IP: Ist es nicht widersprüchlich, gleichzeitig eine Konferenz zu fordern, die alle einschließt, und tagtäglich Taliban zu töten? 
Rashid: Dass wir parallel kämpfen und verhandeln, wird sich wohl in absehbarer Zeit nicht ändern lassen. Wir werden nicht irgendwann über Nacht Frieden haben, wohl aber eine kontinuierliche Reduzierung der Gewalt. Und dazu können Gespräche und Verhandlungen beitragen.

IP: Wenn wir die Taliban einbinden wollen, von welchen Taliban sprechen wir dann? Wer wäre der Ansprechpartner? Etwa Mullah Omar?

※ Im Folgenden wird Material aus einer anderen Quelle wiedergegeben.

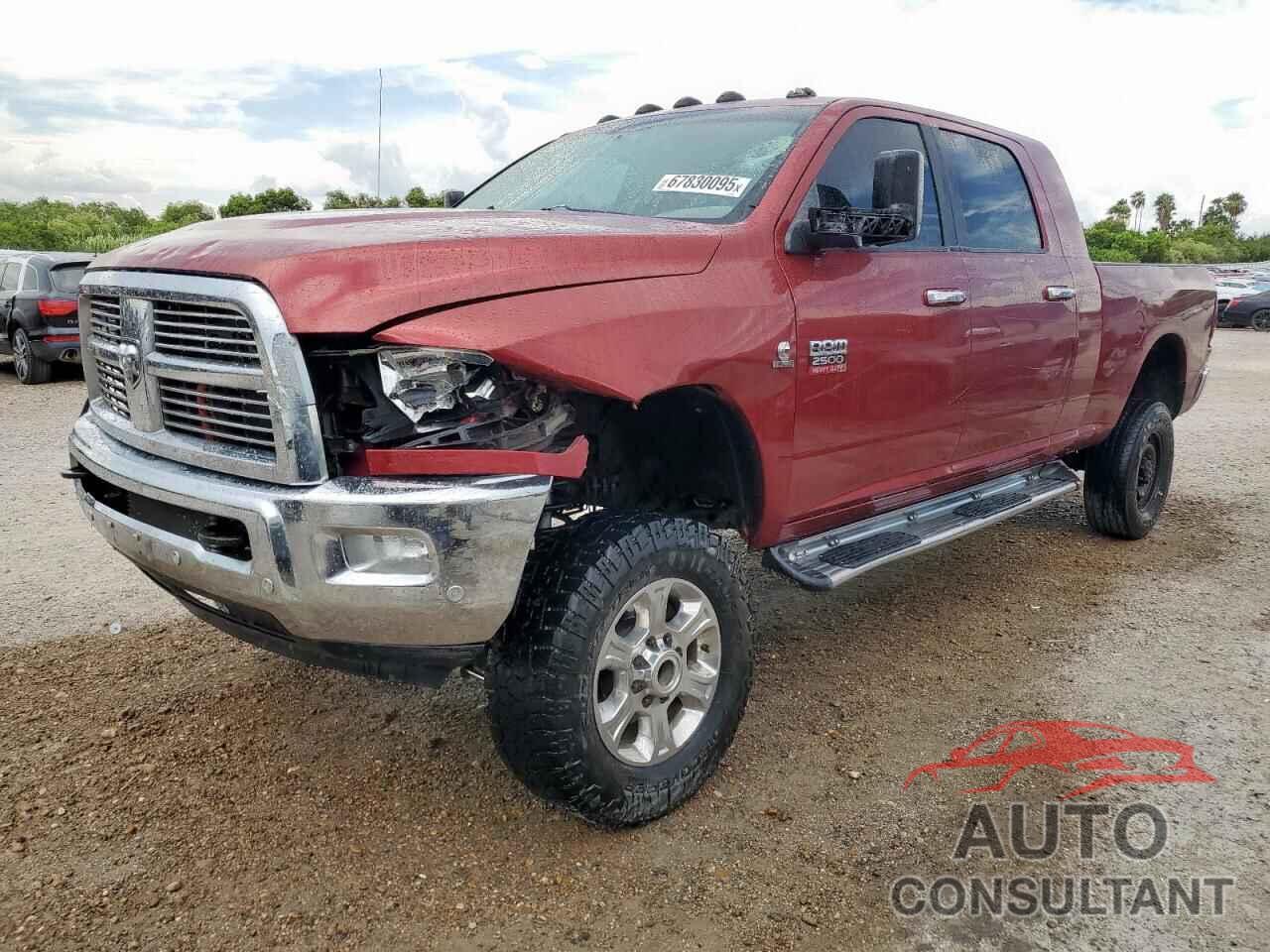 DODGE RAM 2500 2012 - 3C6UD5MLXCG338942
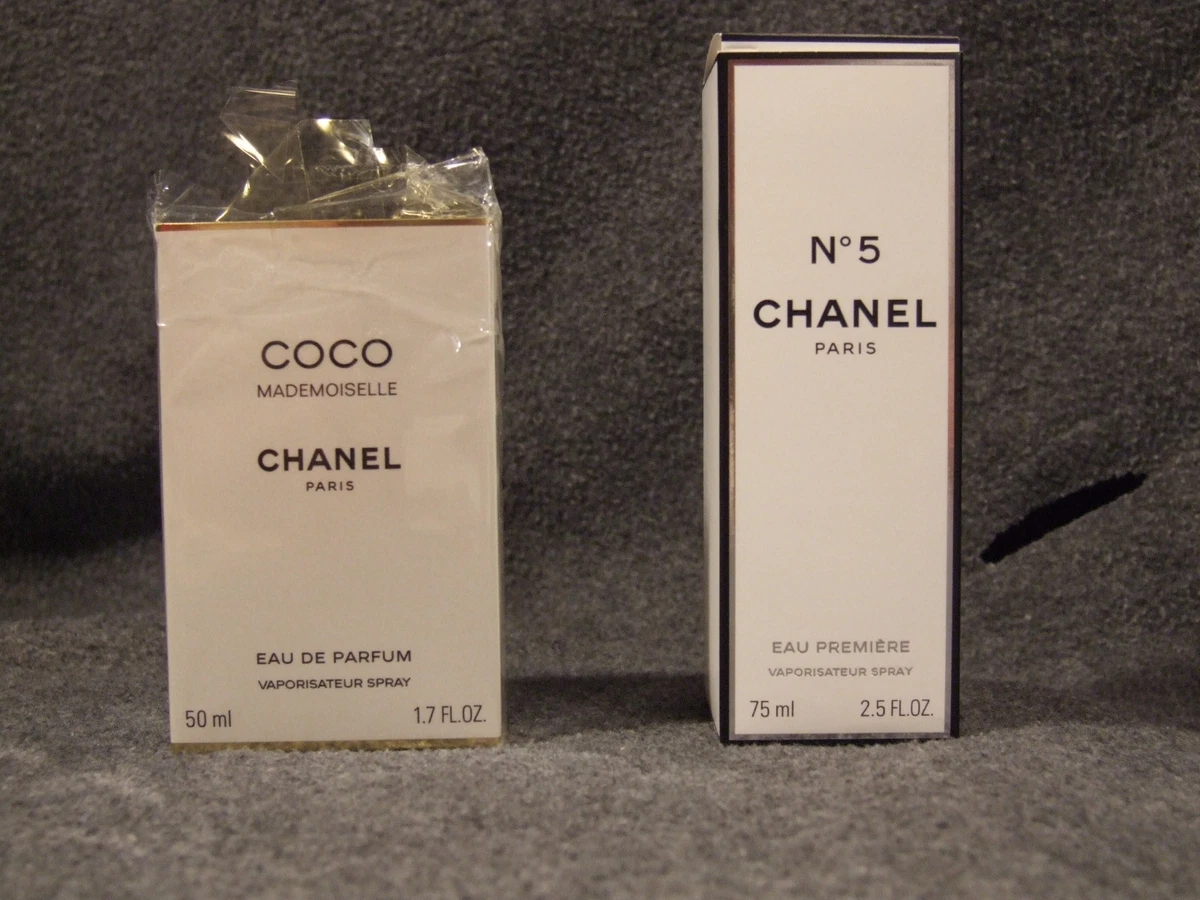 Chanel N° 5 Eau Premiere de Parfum Spray 2.5oz / 75ml & Coco 1.7oz / 50ml  NEW !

Rashid: Ich glaube, die Amerikaner und andere machen einen Fehler, wenn sie Mullah Omar von vornherein verdammen und von den Verhandlungen ausschließen, quasi als Vorbedingung für Verhandlungen. Natürlich, Mullah Omar wird sich nicht an den Verhandlungen beteiligen – das hat er noch nie getan – aber er ist derjenige, der letztlich seinen Segen erteilt. Für eine Übereinkunft brauchen wir ihn, sonst werden wir die Zustimmung der Taliban nicht bekommen. Letztendlich werden die Mullah-Omar-Taliban die Verhandlungen führen, und die anderen Gruppierungen werden Abgesandte schicken.

IP: Pakistan wird dabei eine wichtige Rolle spielen … 

Rashid: Richtig, darum müssen sich Amerikaner und internationale Gemeinschaft kümmern. Wenn man mit den Taliban verhandelt, muss man ihnen erlauben, sich eine gewisse Infrastruktur in der Region zu schaffen, Büros etc., man muss es ihnen ermöglichen, umherzureisen – alles Themen, bei denen Pakistans Hilfe gefragt ist. An Pakistan wird das nicht scheitern. Pakistan will ebenfalls ein stabiles Afghanistan, und es will, dass die Taliban daran beteiligt sind. Es ist in Pakistans Interesse, diese Verhandlungen möglich zu machen.

IP: Und was könnte der Part Deutschlands dabei sein?

Rashid: Deutschland kann den Friedensprozess und den Dialog unterstützen. Das ist sehr wichtig. Deutschland gilt auf beiden Seiten als glaubwürdig und unparteiisch, sowohl bei der Regierung Karsai als auch bei den Taliban. Schon in den Konflikten der neunziger Jahre hat es sich bemüht zu vermitteln. Natürlich, letztlich muss der Dialog zwischen der afghanischen Regierung und den Amerikanern geführt werden. Aber Deutschland kann dazu beitragen, diesen Dialog zu erleichtern.

Ahmed Rashid, geboren 1948 in Rawalpindi, Pakistan, ist ein britisch-pakistanischer Journalist und Buchautor. Sein Buch „Taliban“ (2000, deutsche Ausgabe 2001) wurde in 26 Sprachen übersetzt.